Paper Club | 2024 Week 37

We explore Writing in the Margins, a technique for improving long context retrieval in LLMs. Learn how this method enhances performance without fine-tuning, making it easier to work with large text datasets and codebases.

Writing in the Margins

The paper (2408.14906) focuses on improving how Transformer models handle long context prompts, particularly in scenarios involving question answering about lengthy texts.
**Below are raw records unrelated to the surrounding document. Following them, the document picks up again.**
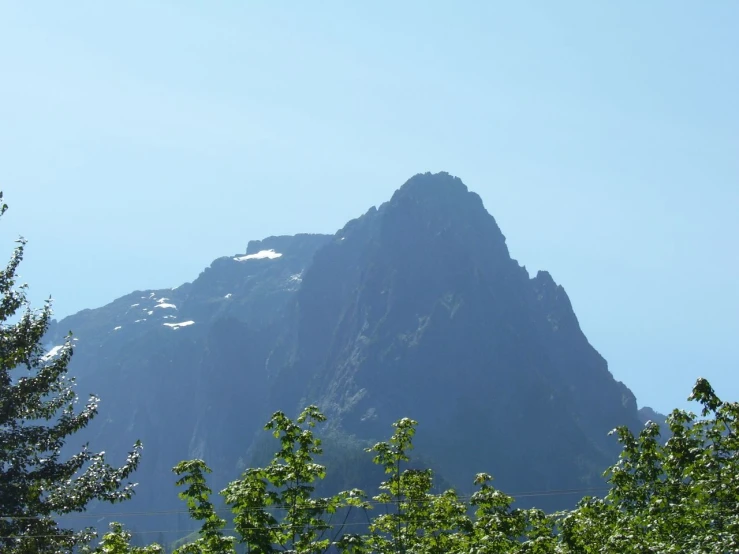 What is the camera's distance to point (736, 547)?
24.4 metres

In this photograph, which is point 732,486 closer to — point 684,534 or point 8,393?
point 684,534

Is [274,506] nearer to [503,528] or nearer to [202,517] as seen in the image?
[202,517]

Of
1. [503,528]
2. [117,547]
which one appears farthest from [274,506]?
[503,528]

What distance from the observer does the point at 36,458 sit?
37.9 m

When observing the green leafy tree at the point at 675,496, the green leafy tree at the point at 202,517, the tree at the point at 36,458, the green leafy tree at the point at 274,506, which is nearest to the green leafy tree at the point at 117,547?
the green leafy tree at the point at 202,517

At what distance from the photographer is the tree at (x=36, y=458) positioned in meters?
35.6

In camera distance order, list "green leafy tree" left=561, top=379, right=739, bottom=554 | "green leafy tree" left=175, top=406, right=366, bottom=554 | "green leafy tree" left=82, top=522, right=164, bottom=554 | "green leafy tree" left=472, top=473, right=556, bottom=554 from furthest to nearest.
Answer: "green leafy tree" left=175, top=406, right=366, bottom=554, "green leafy tree" left=82, top=522, right=164, bottom=554, "green leafy tree" left=472, top=473, right=556, bottom=554, "green leafy tree" left=561, top=379, right=739, bottom=554

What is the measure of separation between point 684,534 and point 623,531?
462 centimetres

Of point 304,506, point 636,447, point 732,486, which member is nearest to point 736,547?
point 732,486

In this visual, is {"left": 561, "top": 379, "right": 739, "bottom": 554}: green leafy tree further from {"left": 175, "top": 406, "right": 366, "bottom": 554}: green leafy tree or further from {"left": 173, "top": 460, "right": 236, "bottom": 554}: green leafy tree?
{"left": 173, "top": 460, "right": 236, "bottom": 554}: green leafy tree

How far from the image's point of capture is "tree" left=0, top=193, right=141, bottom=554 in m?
35.6

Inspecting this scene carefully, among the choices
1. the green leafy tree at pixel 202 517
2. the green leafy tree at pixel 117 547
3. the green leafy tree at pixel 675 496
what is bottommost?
the green leafy tree at pixel 117 547

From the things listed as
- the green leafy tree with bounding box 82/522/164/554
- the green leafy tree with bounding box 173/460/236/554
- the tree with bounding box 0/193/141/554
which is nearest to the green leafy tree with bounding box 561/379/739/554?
the green leafy tree with bounding box 173/460/236/554

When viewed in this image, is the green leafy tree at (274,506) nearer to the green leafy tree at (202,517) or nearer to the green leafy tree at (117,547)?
the green leafy tree at (202,517) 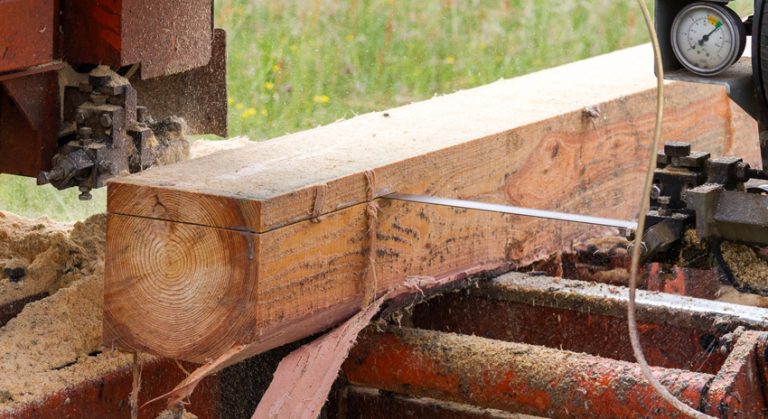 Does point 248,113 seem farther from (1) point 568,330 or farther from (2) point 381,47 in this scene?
(1) point 568,330

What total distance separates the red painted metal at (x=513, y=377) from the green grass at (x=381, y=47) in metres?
3.31

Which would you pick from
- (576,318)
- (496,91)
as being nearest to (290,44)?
(496,91)

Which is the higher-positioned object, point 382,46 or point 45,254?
point 382,46

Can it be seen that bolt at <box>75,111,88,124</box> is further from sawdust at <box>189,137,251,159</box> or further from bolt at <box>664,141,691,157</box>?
bolt at <box>664,141,691,157</box>

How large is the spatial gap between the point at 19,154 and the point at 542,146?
1614 mm

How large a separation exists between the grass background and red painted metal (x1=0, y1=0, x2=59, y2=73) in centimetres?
332

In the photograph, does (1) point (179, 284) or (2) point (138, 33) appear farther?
(2) point (138, 33)

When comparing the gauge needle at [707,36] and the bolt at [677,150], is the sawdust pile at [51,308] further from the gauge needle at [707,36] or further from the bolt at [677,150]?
the gauge needle at [707,36]

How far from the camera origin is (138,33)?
3.23 metres

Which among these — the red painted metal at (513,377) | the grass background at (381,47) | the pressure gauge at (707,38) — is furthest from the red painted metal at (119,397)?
the grass background at (381,47)

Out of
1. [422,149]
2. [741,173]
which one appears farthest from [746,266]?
[422,149]

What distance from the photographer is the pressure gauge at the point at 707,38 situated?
2.97 m

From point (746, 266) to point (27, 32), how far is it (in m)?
1.88

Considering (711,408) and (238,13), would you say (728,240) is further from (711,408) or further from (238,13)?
(238,13) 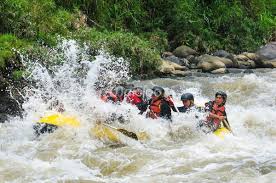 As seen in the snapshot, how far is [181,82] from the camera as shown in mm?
12805

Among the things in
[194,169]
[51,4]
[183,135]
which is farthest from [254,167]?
[51,4]

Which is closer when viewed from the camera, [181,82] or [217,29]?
[181,82]

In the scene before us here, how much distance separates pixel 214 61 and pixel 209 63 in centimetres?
25

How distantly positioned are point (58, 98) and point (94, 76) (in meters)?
2.18

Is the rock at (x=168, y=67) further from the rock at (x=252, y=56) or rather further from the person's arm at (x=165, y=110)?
the person's arm at (x=165, y=110)

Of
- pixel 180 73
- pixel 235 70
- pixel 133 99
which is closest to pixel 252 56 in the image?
pixel 235 70

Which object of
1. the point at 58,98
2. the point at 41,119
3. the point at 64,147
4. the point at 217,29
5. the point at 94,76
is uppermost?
the point at 217,29

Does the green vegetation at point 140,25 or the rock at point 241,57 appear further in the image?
the rock at point 241,57

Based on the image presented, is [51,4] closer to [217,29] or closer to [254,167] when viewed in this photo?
[217,29]

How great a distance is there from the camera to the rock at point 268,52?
16.6 meters

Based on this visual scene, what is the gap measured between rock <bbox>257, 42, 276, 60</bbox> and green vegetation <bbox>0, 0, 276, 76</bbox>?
50 centimetres

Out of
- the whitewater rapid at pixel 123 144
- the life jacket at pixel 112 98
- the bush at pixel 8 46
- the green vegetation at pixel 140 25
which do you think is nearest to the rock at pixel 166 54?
the green vegetation at pixel 140 25

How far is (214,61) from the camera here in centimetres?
1503

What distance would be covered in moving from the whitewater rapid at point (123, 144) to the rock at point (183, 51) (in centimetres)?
449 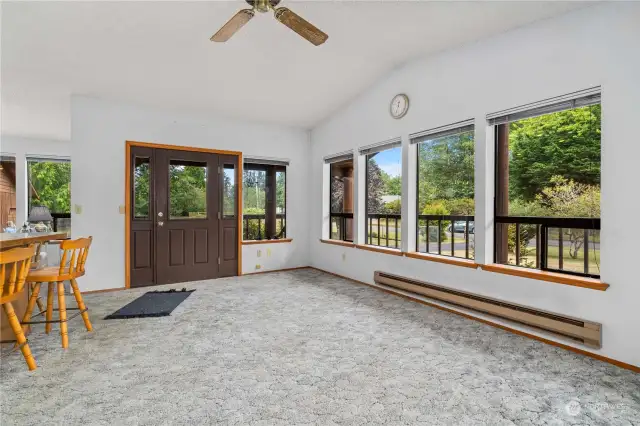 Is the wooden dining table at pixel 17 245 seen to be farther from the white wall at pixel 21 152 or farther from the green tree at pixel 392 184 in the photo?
the white wall at pixel 21 152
The paper proposes a new inference pattern, WiM.

Key Concepts

KV Cache: The memory of the transformer model where the prompt is stored.
Prefilling: The process of loading the prompt into the KV cache. It’s computationally expensive (quadratic cost).
Chunked Prefilling: For very long prompts, the prompt is split into chunks and prefilled sequentially.
Writing in the Margins: Leveraging chunked prefilling to extract summaries (margins) from each chunk, based on the query. These margins are appended at the end of the prompt before the question is asked, improving the model’s ability to answer the question.

How It Works

Chunking: The long prompt is divided into chunks.
Prefilling + Margin Extraction: Each chunk is prefilled. An instruction is added to extract a summary (margin) relevant to the query. This margin is saved.
Margin Classification (Optional): Margins can be classified as relevant or irrelevant, either using an auxiliary model or the same LLM in parallel with the next chunk’s prefilling.
Append Margins + Query: All relevant margins are appended at the end of the full prompt, followed by the query.
Answer Generation: The LLM generates the answer, leveraging both the context and the margins.

Benefits

Improved Long Context Performance: Especially for smaller LLMs.
No Fine-tuning Required: Works with any transformer model out of the box.
Reduced Prefilling Cost: Avoids prefilling the entire context twice, as in traditional chunking methods.
Human-in-the-loop Potential: Margins can be shown to users for feedback and early exit.

Demo and Implementation

Umar demonstrates the concept with a LinkedIn video and points to a GitHub repository with an implementation compatible with LLaMA 3.1, Phi3 and Qwen2 models.

Q&A

The presentation is followed by a Q&A session where Umar addresses questions about the paper’s details, including:

The efficiency of chunked prefilling.
The cost-effectiveness of Writing in the Margins compared to traditional approaches.
Latency implications.
Future research directions in long context modeling and attention mechanisms.